[EXERCISE INSTRUCTIONS]: The expected answer is the data below, retyped exactly.
§ §
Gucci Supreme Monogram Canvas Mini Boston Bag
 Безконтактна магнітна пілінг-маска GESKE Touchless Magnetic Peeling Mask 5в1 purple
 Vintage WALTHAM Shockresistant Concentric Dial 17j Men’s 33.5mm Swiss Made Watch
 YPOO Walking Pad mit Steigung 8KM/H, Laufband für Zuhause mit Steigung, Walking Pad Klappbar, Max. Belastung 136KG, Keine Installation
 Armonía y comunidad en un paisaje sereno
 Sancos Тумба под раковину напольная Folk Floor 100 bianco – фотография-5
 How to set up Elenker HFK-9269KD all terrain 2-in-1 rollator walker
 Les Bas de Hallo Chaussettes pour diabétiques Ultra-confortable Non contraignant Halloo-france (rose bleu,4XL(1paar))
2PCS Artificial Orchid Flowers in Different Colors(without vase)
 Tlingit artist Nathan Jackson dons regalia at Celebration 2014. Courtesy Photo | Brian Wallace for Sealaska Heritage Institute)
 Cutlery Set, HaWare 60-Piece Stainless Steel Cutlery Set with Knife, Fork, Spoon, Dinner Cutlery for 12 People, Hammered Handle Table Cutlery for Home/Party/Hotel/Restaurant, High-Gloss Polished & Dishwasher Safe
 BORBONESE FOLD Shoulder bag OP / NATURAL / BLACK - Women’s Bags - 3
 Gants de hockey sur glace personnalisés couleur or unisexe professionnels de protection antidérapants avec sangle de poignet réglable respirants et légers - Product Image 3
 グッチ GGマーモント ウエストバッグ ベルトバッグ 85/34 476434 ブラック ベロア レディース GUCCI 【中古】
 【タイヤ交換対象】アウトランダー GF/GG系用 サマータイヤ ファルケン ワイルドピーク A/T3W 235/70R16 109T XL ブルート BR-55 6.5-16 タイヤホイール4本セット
§ §
[RESPONSE TO THIS TASK]:
Gucci Supreme Monogram Canvas Mini Boston Bag
 Безконтактна магнітна пілінг-маска GESKE Touchless Magnetic Peeling Mask 5в1 purple
 Vintage WALTHAM Shockresistant Concentric Dial 17j Men’s 33.5mm Swiss Made Watch
 YPOO Walking Pad mit Steigung 8KM/H, Laufband für Zuhause mit Steigung, Walking Pad Klappbar, Max. Belastung 136KG, Keine Installation
 Armonía y comunidad en un paisaje sereno
 Sancos Тумба под раковину напольная Folk Floor 100 bianco – фотография-5
 How to set up Elenker HFK-9269KD all terrain 2-in-1 rollator walker
 Les Bas de Hallo Chaussettes pour diabétiques Ultra-confortable Non contraignant Halloo-france (rose bleu,4XL(1paar))
2PCS Artificial Orchid Flowers in Different Colors(without vase)
 Tlingit artist Nathan Jackson dons regalia at Celebration 2014. Courtesy Photo | Brian Wallace for Sealaska Heritage Institute)
 Cutlery Set, HaWare 60-Piece Stainless Steel Cutlery Set with Knife, Fork, Spoon, Dinner Cutlery for 12 People, Hammered Handle Table Cutlery for Home/Party/Hotel/Restaurant, High-Gloss Polished & Dishwasher Safe
 BORBONESE FOLD Shoulder bag OP / NATURAL / BLACK - Women’s Bags - 3
 Gants de hockey sur glace personnalisés couleur or unisexe professionnels de protection antidérapants avec sangle de poignet réglable respirants et légers - Product Image 3
 グッチ GGマーモント ウエストバッグ ベルトバッグ 85/34 476434 ブラック ベロア レディース GUCCI 【中古】
 【タイヤ交換対象】アウトランダー GF/GG系用 サマータイヤ ファルケン ワイルドピーク A/T3W 235/70R16 109T XL ブルート BR-55 6.5-16 タイヤホイール4本セット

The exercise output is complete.